## INSTRUCTIONS TO FOLLOW
The full listing below should be printed word for word.

## PROVIDED RECORDS
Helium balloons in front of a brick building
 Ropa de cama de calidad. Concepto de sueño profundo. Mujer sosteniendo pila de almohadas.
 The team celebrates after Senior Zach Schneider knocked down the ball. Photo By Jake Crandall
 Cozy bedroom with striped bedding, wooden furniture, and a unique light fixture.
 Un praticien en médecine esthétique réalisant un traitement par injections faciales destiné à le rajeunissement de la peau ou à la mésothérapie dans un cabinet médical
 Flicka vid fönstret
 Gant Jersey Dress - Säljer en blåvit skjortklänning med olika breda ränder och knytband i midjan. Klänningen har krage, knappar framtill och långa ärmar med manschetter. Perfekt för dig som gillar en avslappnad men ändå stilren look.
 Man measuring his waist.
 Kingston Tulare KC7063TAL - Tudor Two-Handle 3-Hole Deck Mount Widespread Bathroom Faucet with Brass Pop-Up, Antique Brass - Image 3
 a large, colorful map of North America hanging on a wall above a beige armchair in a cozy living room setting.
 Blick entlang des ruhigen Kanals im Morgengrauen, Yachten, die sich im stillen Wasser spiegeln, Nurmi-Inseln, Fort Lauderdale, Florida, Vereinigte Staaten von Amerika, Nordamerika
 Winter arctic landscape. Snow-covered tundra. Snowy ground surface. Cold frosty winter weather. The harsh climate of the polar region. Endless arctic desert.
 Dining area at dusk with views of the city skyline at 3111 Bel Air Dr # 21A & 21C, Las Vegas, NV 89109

## TASK OUTPUT
Helium balloons in front of a brick building
 Ropa de cama de calidad. Concepto de sueño profundo. Mujer sosteniendo pila de almohadas.
 The team celebrates after Senior Zach Schneider knocked down the ball. Photo By Jake Crandall
 Cozy bedroom with striped bedding, wooden furniture, and a unique light fixture.
 Un praticien en médecine esthétique réalisant un traitement par injections faciales destiné à le rajeunissement de la peau ou à la mésothérapie dans un cabinet médical
 Flicka vid fönstret
 Gant Jersey Dress - Säljer en blåvit skjortklänning med olika breda ränder och knytband i midjan. Klänningen har krage, knappar framtill och långa ärmar med manschetter. Perfekt för dig som gillar en avslappnad men ändå stilren look.
 Man measuring his waist.
 Kingston Tulare KC7063TAL - Tudor Two-Handle 3-Hole Deck Mount Widespread Bathroom Faucet with Brass Pop-Up, Antique Brass - Image 3
 a large, colorful map of North America hanging on a wall above a beige armchair in a cozy living room setting.
 Blick entlang des ruhigen Kanals im Morgengrauen, Yachten, die sich im stillen Wasser spiegeln, Nurmi-Inseln, Fort Lauderdale, Florida, Vereinigte Staaten von Amerika, Nordamerika
 Winter arctic landscape. Snow-covered tundra. Snowy ground surface. Cold frosty winter weather. The harsh climate of the polar region. Endless arctic desert.
 Dining area at dusk with views of the city skyline at 3111 Bel Air Dr # 21A & 21C, Las Vegas, NV 89109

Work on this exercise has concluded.